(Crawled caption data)
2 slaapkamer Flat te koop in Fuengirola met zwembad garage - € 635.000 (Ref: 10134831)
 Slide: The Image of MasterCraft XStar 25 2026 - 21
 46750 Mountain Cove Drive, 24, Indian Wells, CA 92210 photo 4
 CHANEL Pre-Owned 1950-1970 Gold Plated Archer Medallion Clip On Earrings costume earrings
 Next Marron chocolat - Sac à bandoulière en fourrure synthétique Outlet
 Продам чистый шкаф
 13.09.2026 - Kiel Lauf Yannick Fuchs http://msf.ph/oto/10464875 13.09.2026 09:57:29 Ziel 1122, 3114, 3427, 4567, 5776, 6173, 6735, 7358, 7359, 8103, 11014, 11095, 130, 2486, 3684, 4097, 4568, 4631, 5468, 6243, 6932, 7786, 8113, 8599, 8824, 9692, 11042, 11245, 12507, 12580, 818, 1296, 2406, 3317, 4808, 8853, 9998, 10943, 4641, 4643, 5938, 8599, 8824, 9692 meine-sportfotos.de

TASK TO COMPLETE:
Starting with the line that contains "Продам чистый шкаф", copy each line through the end of the data exactly, and leave out all earlier lines.

ANSWER BELOW:
 Продам чистый шкаф
 13.09.2026 - Kiel Lauf Yannick Fuchs http://msf.ph/oto/10464875 13.09.2026 09:57:29 Ziel 1122, 3114, 3427, 4567, 5776, 6173, 6735, 7358, 7359, 8103, 11014, 11095, 130, 2486, 3684, 4097, 4568, 4631, 5468, 6243, 6932, 7786, 8113, 8599, 8824, 9692, 11042, 11245, 12507, 12580, 818, 1296, 2406, 3317, 4808, 8853, 9998, 10943, 4641, 4643, 5938, 8599, 8824, 9692 meine-sportfotos.de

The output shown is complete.